A ADUFPB foi recebida em audiência com a Procuradoria Jurídica da UFPB, apresentando-se ao novo procurador-chefe da Universidade Federal da Paraíba, Flávio Pereira Gomes, na manhã desta sexta-feira (7). A diretoria da ADUFPB, representada pelos professores Cristiano Bonneau (secretário-geral) e Marta Diniz (tesoureira), tinha por objetivo abrir o diálogo com o setor jurídico da UFPB e dar os melhores encaminhamentos às questões em andamento desde a gestão anterior da reitoria.
Bonneau fez uma rápida explanação a respeito de alguns pontos, como a retirada e ressarcimento dos adicionais de insalubridade, as progressões, ações criminais contra docentes e a questão dos permissionários. O procurador, por sua vez, disse que essa gestão pretende privilegiar o diálogo. “Só vai haver judicialização em último caso, se não houver sucesso no diálogo”.
Destacou o papel fundamental de assessoramento jurídico da PJ e seu serviço a ser prestado à comunidade universitária. “O procurador não tem cadeira nem voz nos conselhos acadêmicos, deve agir sob demanda”, disse. Segundo ele, agir como parte do conselho não está previsto no regimento da universidade.
Flávio Gomes disse que uma nota normativa está disciplinando e esclarecendo a atividade e as atribuições da procuradoria jurídica nos Conselhos Universitário (Consuni) e Superior de Ensino, Pesquisa e Extensão (Consepe), que serve não só à reitoria, mas também aos conselheiros, que podem pedir auxílio jurídico. “Uma vez provocados, nós vamos emitir um parecer formal, por escrito, que será entregue ao solicitante e, de posse desse documento, o professor fará seu voto, levando em conta ou não o que aconselha a procuradoria.
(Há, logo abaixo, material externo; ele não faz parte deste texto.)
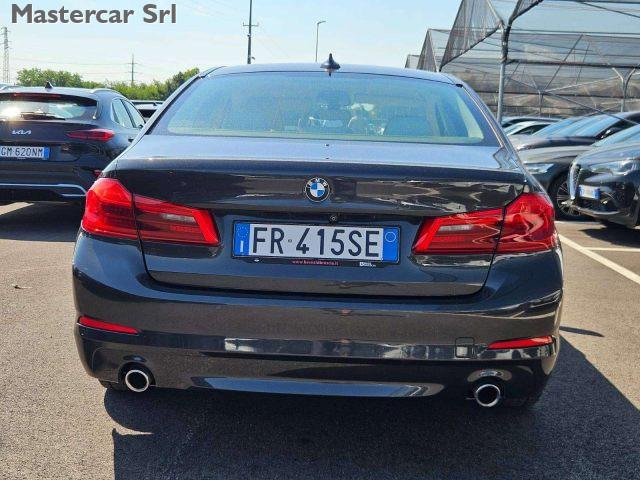 BMW 530 Berlina 530d xdrive Business 249cv auto - FR415SE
Diante das demandas apresentadas pelo sindicato, o procurador-chefe solicitou mais informações acerca dos processos já judicializados, como as ações e investigações contra professores e também a cobrança indevida de aluguéis das sedes de sindicatos e agremiações estudantis nos campi da UFPB.
Sobre as progressões de carreira, ele disse ter havido uma mudança no entendimento da administração pública: “antes era constitutivo, agora deve ser declaratório. Ou seja, basta que o professor informe sua produção em acordo com as exigências da própria UFPB. Problemas advindos dessa natureza podem ser resolvidos administrativamente”, garantiu.
A cobrança de aluguéis das sedes da ADUFPB também foi tema da conversa. O procurador pediu um relatório e os números das ações judiciais para que os casos possam ser avaliados por sua equipe. “Vamos ver o que pode ser feito nos casos já judicializados, mas, para os casos administrativos, serão definidos novos critérios e uma regulamentação seguindo parâmetros definidos pelos conselhos acadêmicos”. Diante disso, a diretoria da ADUFPB destacou a institucionalidade do encontro, que deve ser recorrente, e a autonomia do sindicato diante das demandas da categoria docente para buscar sempre a melhor solução dos problemas e conflitos na UFPB.